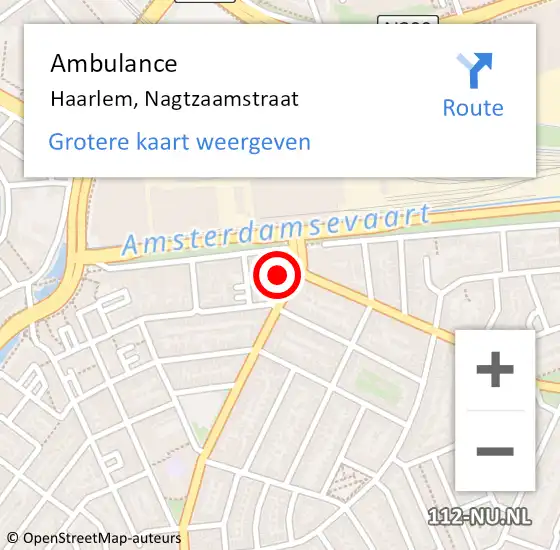 Locatie op kaart van de 112 melding: Ambulance Haarlem, Nagtzaamstraat op 1 februari 2024 13:49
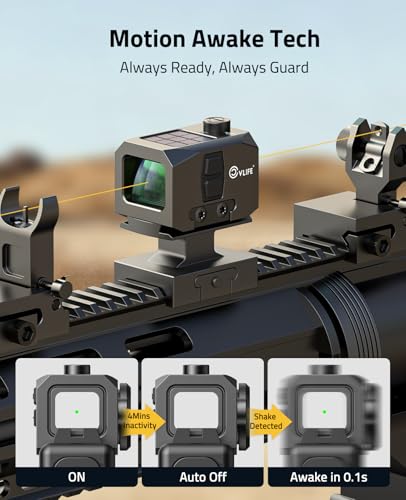 CVLIFE Green 3 MOA Dot Red/Green Enclosed Reflex Sight for ACRO, Shockproof & Solar Powered
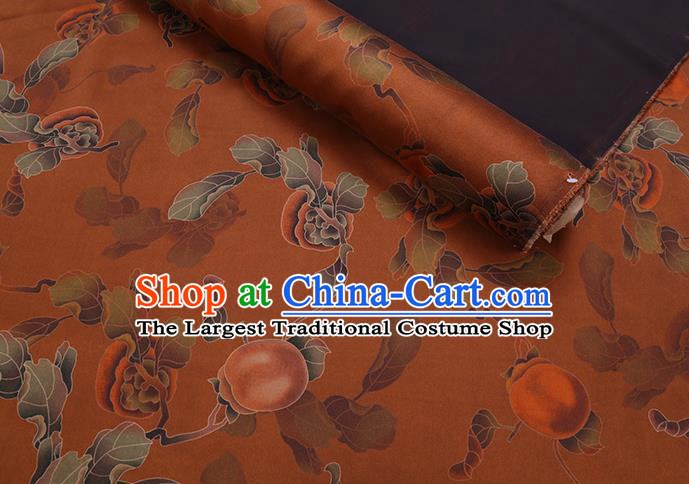 Chinese Classical Persimmon Pattern Orange Satin Fabric Traditional Cheongsam Gambiered Guangdong Silk Watered Gauze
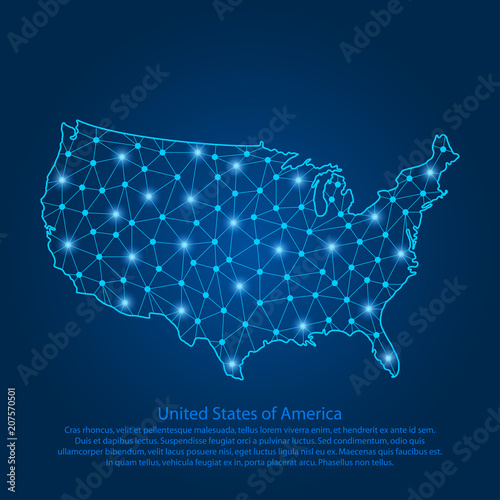 Abstract map of the USA created from lines, bright points and polygons in the form of starry sky, space and planets. Map of United States of America with stars, universe and connected line. Vector.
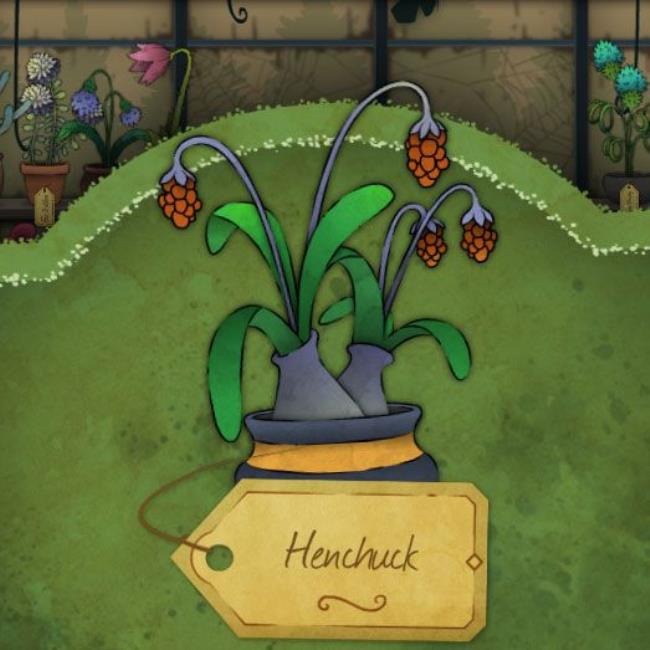 A broad, firm plant with a blue, almost lilac, bulb and sprouting orange fruits called Henchuck in Strange Horticulture.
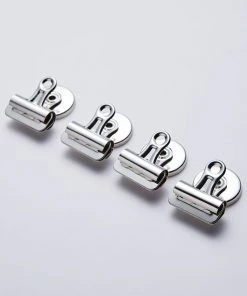 HIER_5170 Theme Décor 4 Pack | 7.5oz Capacity Stainless Steel Heavy Duty Magnet Clips, Silver Refrigerator Bulldog Clips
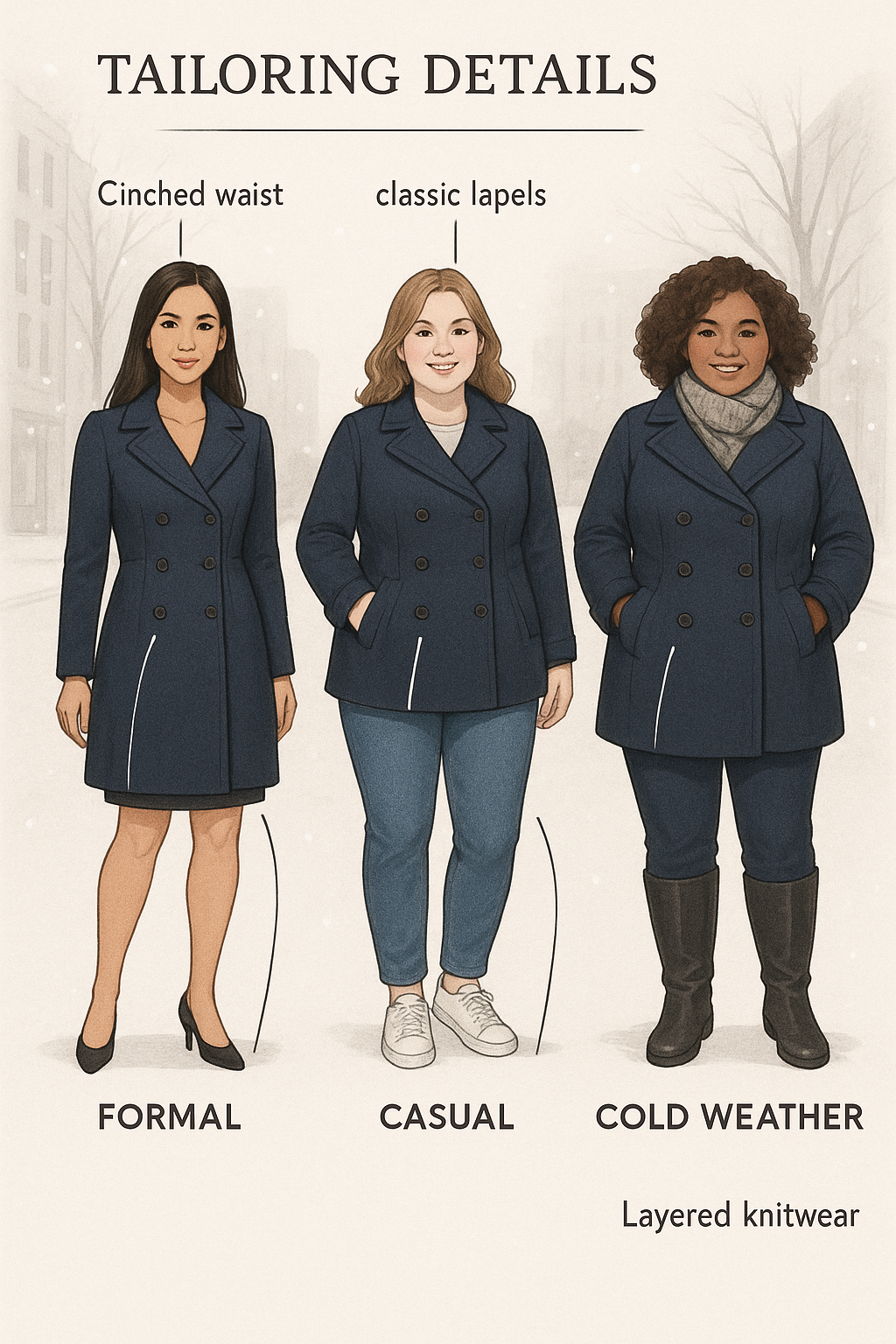 7 Best Peacoats for Women: Stylish & Practical Picks 4 Style guide with three women in best peacoats for women styled for formal casual and cold weather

## Task to carry out
Retype everything in the entries above exactly. The pictures are to be omitted.

## Written answer
 Locatie op kaart van de 112 melding: Ambulance Haarlem, Nagtzaamstraat op 1 februari 2024 13:49
 CVLIFE Green 3 MOA Dot Red/Green Enclosed Reflex Sight for ACRO, Shockproof & Solar Powered
 Chinese Classical Persimmon Pattern Orange Satin Fabric Traditional Cheongsam Gambiered Guangdong Silk Watered Gauze
 Abstract map of the USA created from lines, bright points and polygons in the form of starry sky, space and planets. Map of United States of America with stars, universe and connected line. Vector.
 A broad, firm plant with a blue, almost lilac, bulb and sprouting orange fruits called Henchuck in Strange Horticulture.
 HIER_5170 Theme Décor 4 Pack | 7.5oz Capacity Stainless Steel Heavy Duty Magnet Clips, Silver Refrigerator Bulldog Clips
 7 Best Peacoats for Women: Stylish & Practical Picks 4 Style guide with three women in best peacoats for women styled for formal casual and cold weather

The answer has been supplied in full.